Monday, July 31, 2006

Korobkin, Laura H. “’Can Your Volatile Daughter Ever Acquire Wisdom?’” Early American Literature 41.1 (2006): 79-107.

Korobkin argues that while championing Eliza as a modern woman who chooses not to follow the constraints that her society places upon her, critics have pushed aside the real reasons for her actions – her need for luxury and her materialism. If one historicizes the novel, one sees that Eliza’s wants are connected to British consumerism and class distinctions that early America was striving to tear down.

She furthers her argument by studying the difference between the modern and 18th Century meaning of the word volatile, showing that they lead the reader (depending on the when of the reading) to have different ideas of Eliza’s character.
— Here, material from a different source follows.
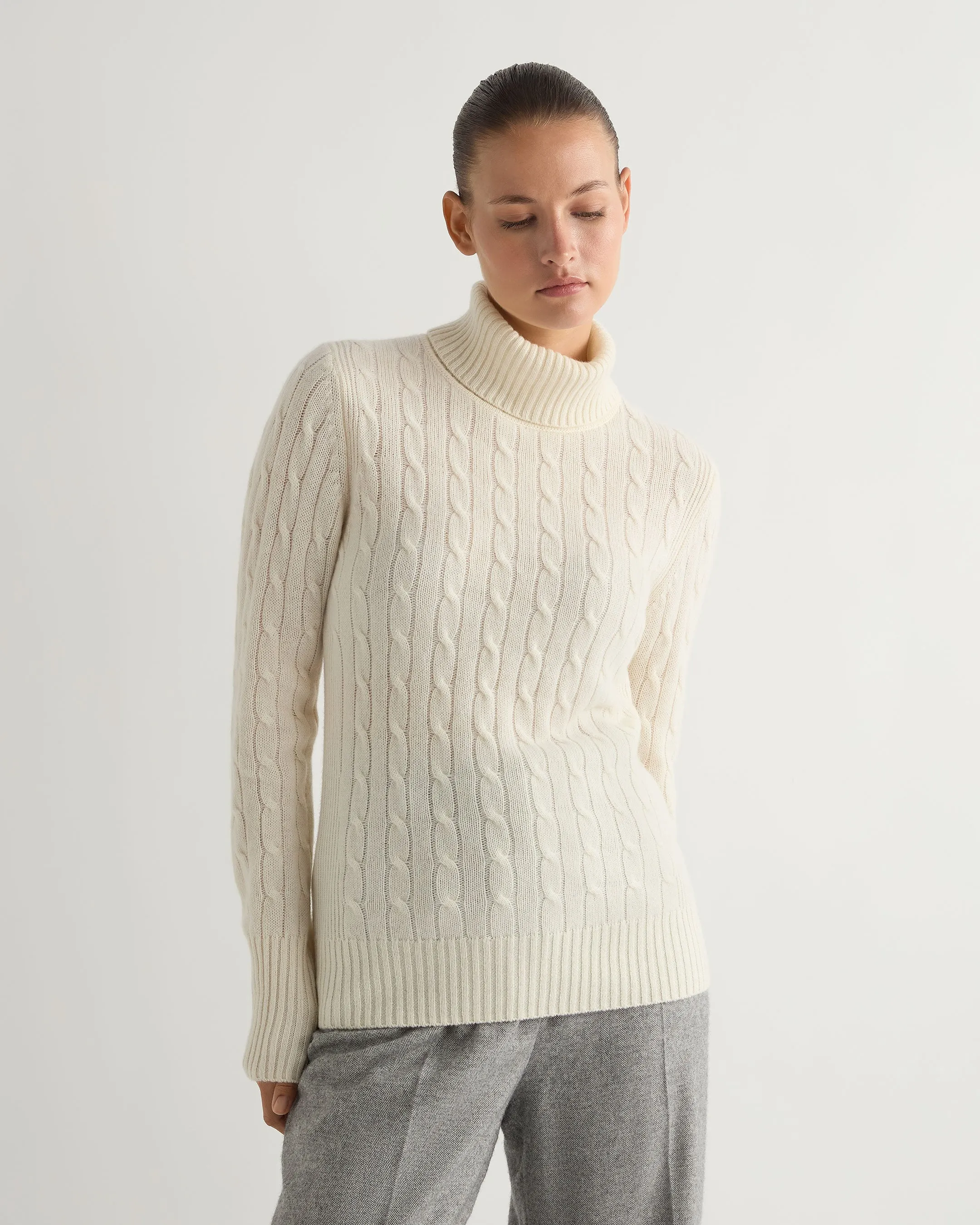 Women's Adelyn Cable Turtle Cashmere Sweater New Ivory White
The argument is quite sound and the history convinces me, as history often does, that the modern reading of Eliza that many critics have conveyed is meant to fit their agendas more than to truly show the ideas being conveyed by the novel. Seeing Eliza as a 18th Century Sex in the City character is fun; however, in a true historic feminist reading of the work, she is working against the freedoms that women for striving for in her time.

Bib of Note:

Cott, Nancy F. "Divorce and the Changing Status of Women in 18th Century Mass." William and Mary Quarterly 3.33 (1976) 587-92.

Evans, Gareth. "Rakes, Coquettes, and Republican Patriarchs Class, Gender, and Nation in Early American Sentimental Fiction." Canadian Review of American Studies 25 (1995) 41-62.